- Born: August 17, 1888 Chippewa Falls, Wisconsin
- Died: October 6, 1957 (aged 69) Northridge, Los Angeles, California
- Occupation: Sportswriter
- Employer: Detroit Times (1924-1957)
- Known for: President, Baseball Writers' Association of America, 1946
- Spouse: Mary (Schibret) Macdonell

= Leo Macdonell =

American sportswriter (1888–1957)

Leo Abbott Macdonell (August 17, 1888 – October 6, 1957) was an American sportswriter at the Detroit Times for 33 years from 1924 to 1957. He served as the president of the Baseball Writers' Association of America in 1946.

==Early years==
Macdonell was born in Chippewa Falls, Wisconsin in August 1888. He was the son of Donald Macdonell (1861–1948) and Mary Harrett (Ermatinger) Macdonell (1868–1925). By 1900, the family had moved to Superior, Wisconsin, where Macdonell's father was employed as a storekeeper, and later in the life insurance business, and as a bookkeeper in a coal office.

==Reporter in Wisconsin==
By 1910, Macdonell was employed as a reporter for a newspaper in Superior, Wisconsin. At the time of World War I, Macdonnella was a newspaper reporter for the Superior Telegram. At the time of the 1920 United States census, Macdonell was living in Superior, working as a journalist. He became the managing editor of the Superior Times and also worked as a boxing promoter.

==Detroit Times==
Macdonell came to Detroit, Michigan as a sportswriter for the Detroit Times, a position he held for 33 years. While with the Times, Macdonell covered the Detroit Tigers, Detroit Red Wings, and Michigan Wolverines. At the time of the 1930 United States census, Macdonell was living at 3781 West Philadelphia Street in Detroit. He was employed as a newspaper reporter.
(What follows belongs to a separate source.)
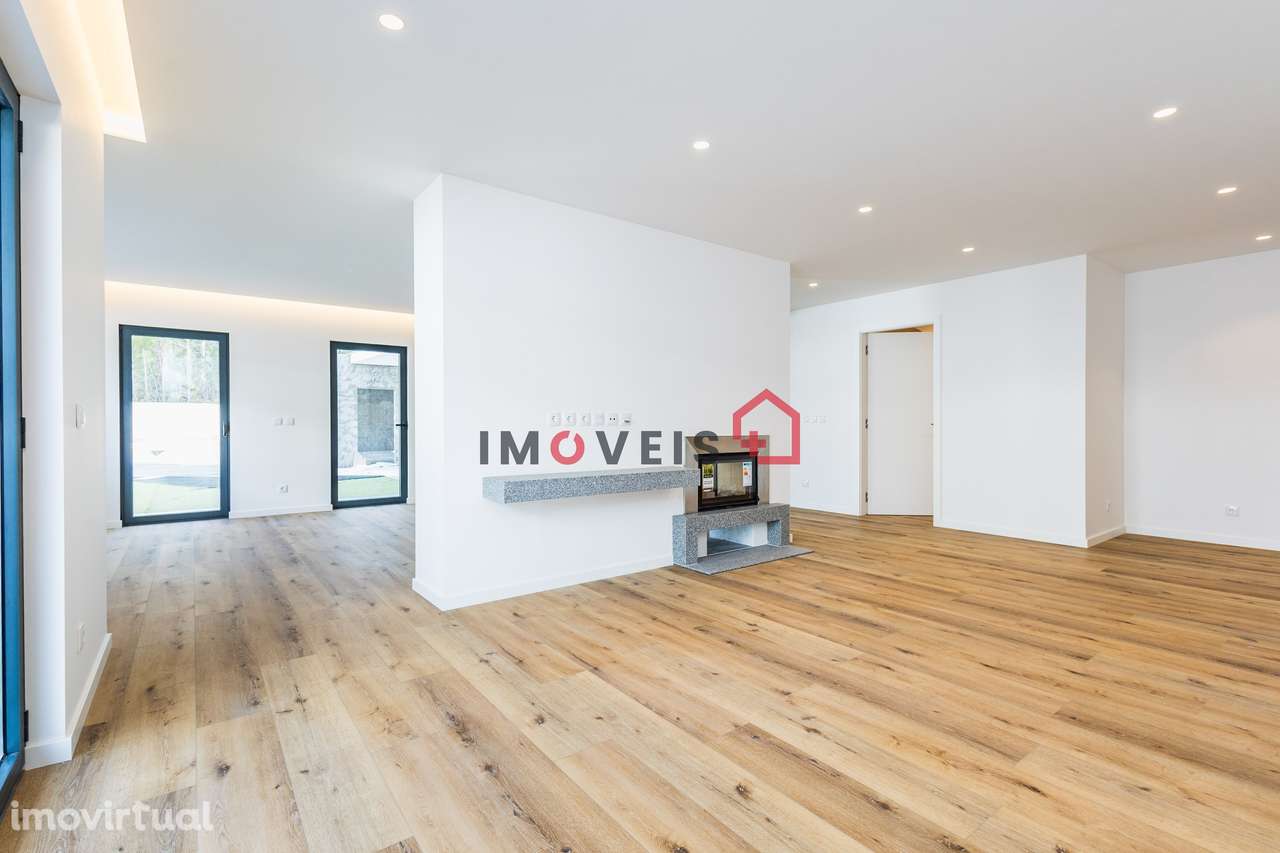 Moradia T4 - Milagres - Grande imagem: 3/33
Macdonell was the Detroit Times hockey and golf reporter in the early 1930s, but he was recruited to cover the Detroit Tigers for the 1934 World Series. In March 1937, Macdonell gave up the hockey beat at the Detroit Times to cover the Tigers on a full-time basis. By the late 1930s, he was also the sports editor at the Detroit Times.

In 1939, Macdonell was added to the committee of 24 baseball writers responsible for selecting the American League's Most Valuable Player.
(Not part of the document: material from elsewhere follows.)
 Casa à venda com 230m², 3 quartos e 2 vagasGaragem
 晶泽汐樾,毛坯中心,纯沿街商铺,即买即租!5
The Detroit Times was part of the Hearst newspaper syndicate, and Macdonell's baseball writing was often published in other Hearst newspapers through the International News Service, Hearst's wire service. In July 1945, Macdonell's story about Hank Greenberg hitting a home run in his first game after returning from wartime military service was published in Hearst newspapers across the country and for military personnel in Stars and Stripes.
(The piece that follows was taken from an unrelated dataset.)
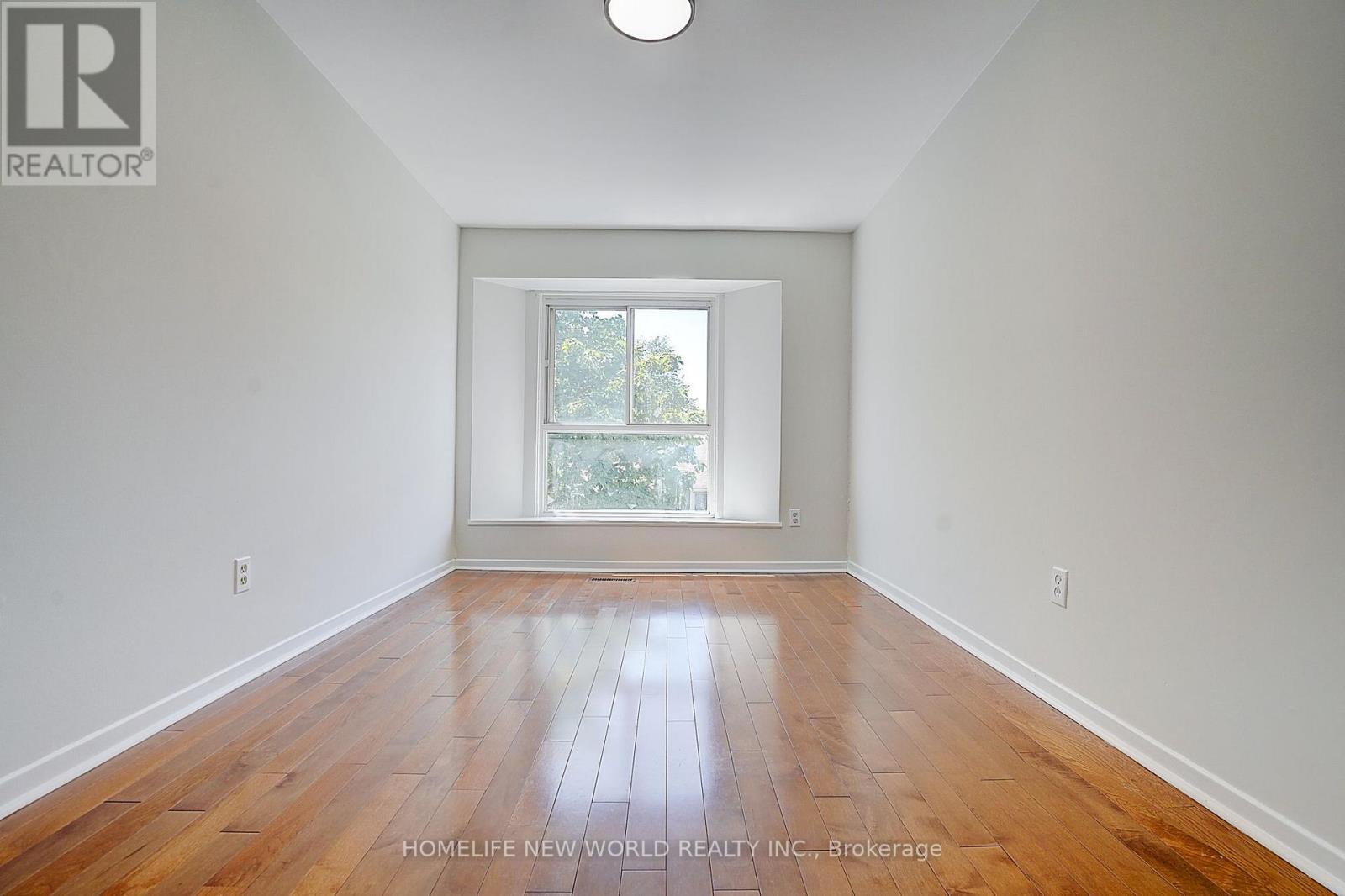 #46 40 DUNDALK DRIVE - 19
In October 1945, Macdonell was elected as the vice president of the Baseball Writers' Association of America. He became the president of the Baseball Writers' Association of America in 1946. He was also selected to serve on the Association's board of directors in October 1947.

Macdonell also served as official scorer at the 1946 World Series between the St. Louis Cardinals and Boston Red Sox.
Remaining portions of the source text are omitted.